Here, the Complaint only includes a conclusory allegation that USB breached “loan documents” without any further detail. (See Compl. at 2.) Because Booth failed to identify the provisions purportedly breached, a breach of contract claim has not been stated, and, consequently, the claim should be dismissed. See Guajardo v. JP Morgan Chase Bank, N.A., 605 Fed.Appx. 240, 244 (5th Cir. 2015) (affirming dismissal of breach of contract claim where plaintiff did not specify which provision in the deed of trust was breached); Coleman v. Bank of Am., N.A., No. 3-11-CV-0430-G-BD, 2011 WL 2516169, at *1 (N.D. Tex. May 27, 2011) (citing Case Corp. Inc. v. Hi-Class Bus. Sys. of Am., 184 S.W.3d 760, 769-70 (Tex. App.-Dallas 2005, pet. denied)) (same). Accordingly, summary judgment should be granted on Booth's claim for breach of contract.
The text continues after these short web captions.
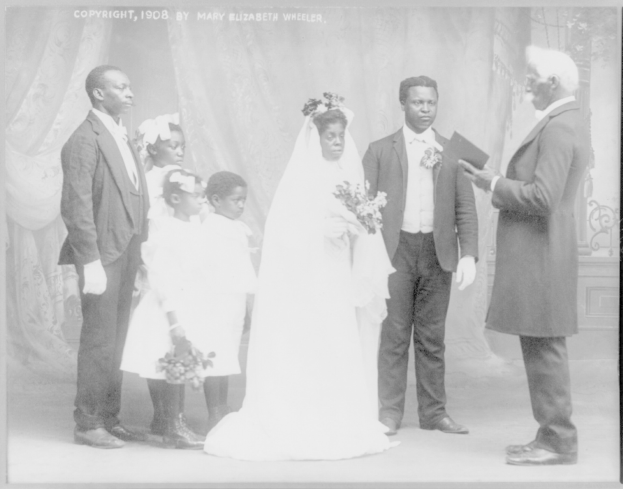 Ein Schwarz-Weiß-Foto einer Braut in einem weißen Kleid und Schleier, die einen Strauß hält und neben einem Bräutigam steht, der ein Buch hält, mit ihrer Familie und Vorhängen im Hintergrund.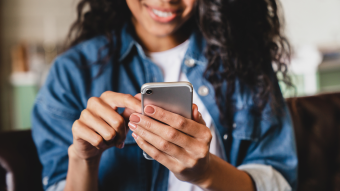 Ung kvinna som håller i en telefon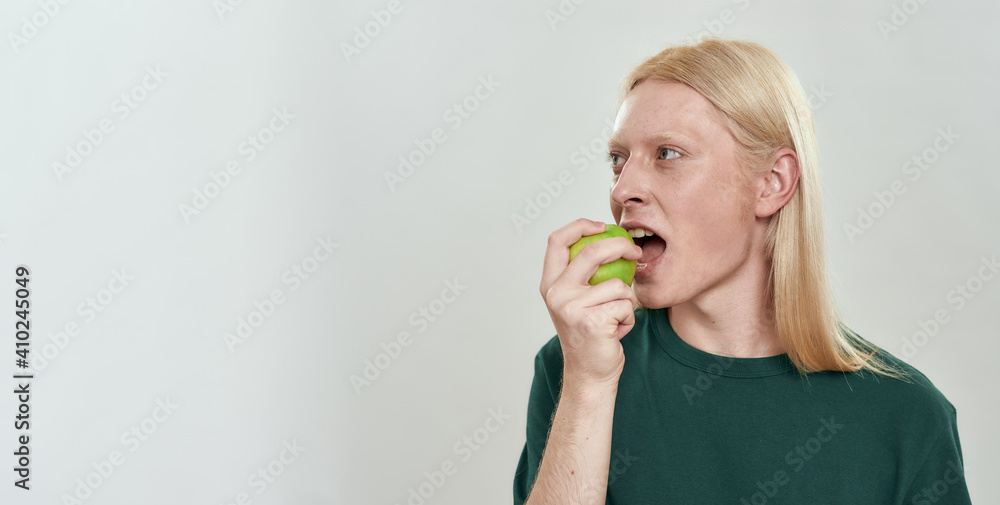 Handsome young caucasian man biting green juicy apple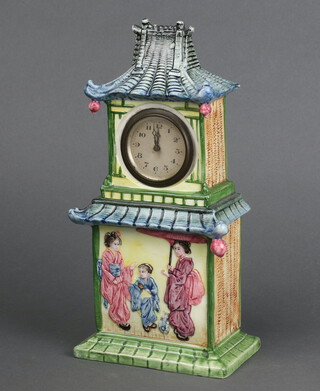 A 1930's bedroom timepiece with 5cm paper dial, Roman numerals, contained in a chinoiserie style pottery case in the form of a pagoda, the sides decorated fruits (1 fruit missing) 27cm h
Booth has also failed to adequately allege that USB's purported breach caused him to incur damages. Booth broadly asserts that he is “requesting actual damages, attorney fees and costs of court,” (see Cmplt. at 3), but he fails to identify what those damages are. Damage is an essential element of a breach-of-contract claim. See Nucor Corp. v. Requenez, 578 F.Supp.3d 873, 922-23 n.416 (S.D. Tex. 2022). Nor does Booth show the required causal connection. Plaintiff must first plead that the alleged injury was “the natural, probable, and foreseeable consequence of the defendant's conduct.” Mead v. Johnson Grp., 615 S.W.2d 685, 687 (Tex. 1981) (citation omitted). “The absence of this causal connection between the alleged breach and the alleged damages will preclude recovery.” Prudential Secs., Inc. v. Haughland, 973 S.W.2d 394, 397 (Tex. App.-El Paso 1998, pet. denied) (citation omitted). Thus, this is an additional reason that Booth has failed to sufficiently plead a claim for breach of contract.
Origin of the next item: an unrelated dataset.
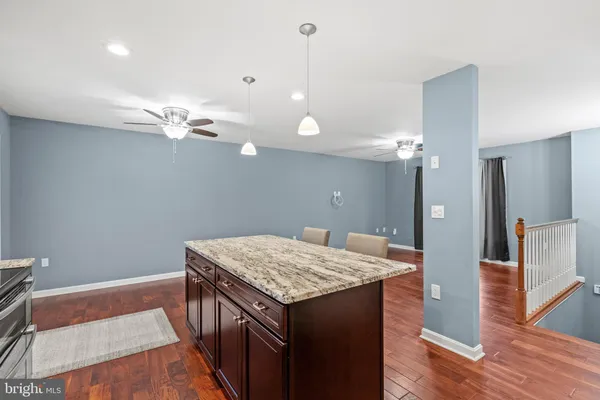 a kitchen that has a lot of cabinets and wooden floor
Finally, Booth admitted both a lack of damages and a lack of evidence of damages. (See RFA Nos. 4, 25, 28, App. 057, 059-060.) Accordingly, Booth has not pleaded any facts that would allow the Court to conclude that he suffered damages as a result of USB's alleged breach. Moreover, Booth failed to allege that he was current on his payments (see generally Compl.), and, in fact, he admitted that he was in default of the Loan (see RFA Nos. 1-3, 12, 17-18, 22, App. 057-059)-yet another reason that Booth has failed to sufficiently plead his breach of contract claim. Williams, 560 Fed.Appx. at 238 (“[I]f, as here, plaintiffs fail to allege they were current on their payments under the deed of trust, dismissal of their breach of contract claim is proper.”) (citing Marsh v. JPMorgan Chase Bank, N.A., 888 F.Supp.2d 805, 815 (W.D.Tex.2012)).

For all these reasons, summary judgment should be granted as to Booth's breach of contract claim.
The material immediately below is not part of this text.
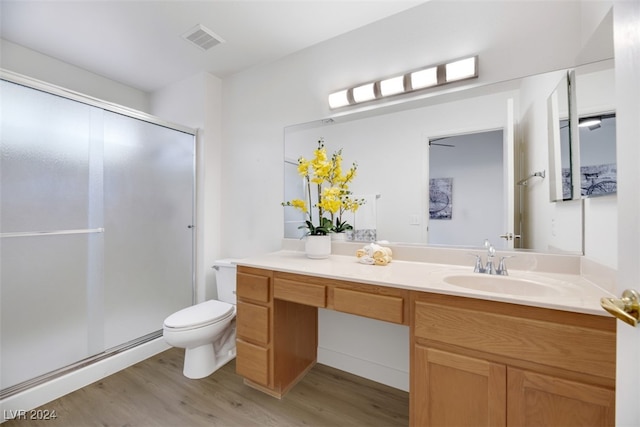 bathroom with vanity, baseboard heating, a shower with door, hardwood / wood-style floors, and toilet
V. Booth's negligent misrepresentation claim fails.

Booth's negligent misrepresentation claim fails for similar reasons. Booth contends that USB “made misrepresentations in communicating to [Booth] the options of loss mitigation.” (See Compl. at 2.) Booth's Complaint contains conclusory allegations with no factual allegations to support his negligent misrepresentation claim. (See id.) As such, his pleading is fatally defective. See Bell Atl. Corp. v. Twombly, 550 U.S. 544, 545 (2007) (A plaintiff must plead facts with enough specificity “to raise a right to relief above the speculative level.”); see also Beanal v. Freeport-McMoran, Inc., 197 F.3d 161, 164 (5th Cir. 1999) (“[A] complaint, which contains a bare bones allegation that a wrong occurred and which does not plead any of the facts giving rise to the injury, does not provide adequate notice.”).

To state a claim for negligent misrepresentation, a plaintiff must allege that: (1) the defendant made a representation in the course of its business, or in a transaction in which it has a pecuniary interest; (2) the defendant supplied “false information” for the guidance of others in their business; (3) the defendant did not exercise reasonable care or competence in obtaining or communicating the information; and (4) the plaintiff suffered pecuniary loss by justifiably relying on the representation. Flo Trend Systems, Inc. v. Allwaste, Inc., 948 S.W.2d 4, 8 (Tex. App.- Houston [14th Dist.] 1997, no writ); see also Gen. Elec. Capital Corp. v. Posey, 415 F.3d 391, 395-96 (5th Cir. 2005).

Because the alleged misrepresentation by USB was not made for the guidance of Booth in his business, his claim fails. See Steele v. Green Tree Servicing, LLC, No. 3:09-CV-0603-D, 2010 WL 3565415, at *7-8 (N.D. Tex. Sept. 7, 2010) (disposing of a negligent misrepresentation claim sua sponte because, among other reasons, there was no evidence that “the information was supplied for guidance of others in their business”); Ayres v. Parker, No. SA-12-CV-621, 2013 WL 3929711, at *14 (W.D. Tex. July 29, 2013) (rejecting negligent misrepresentation claim because plaintiffs failed to show representations were made for guidance in their business); see also Flo Trend, 948 S.W.2d at 8 (describing negligent misrepresentation as a “commercial tort”). Moreover, Booth's admissions are fatal to his claim. He has admitted that USB did not make any misrepresentation to him and that any alleged misrepresentation did not concern guidance for a business. (See RFA Nos. 6, 13, App. 057-058.) He has also admitted that he has no evidence of any negligent misrepresentation. (See id.) Consequently, Booth failed to state a viable claim for negligent misrepresentation.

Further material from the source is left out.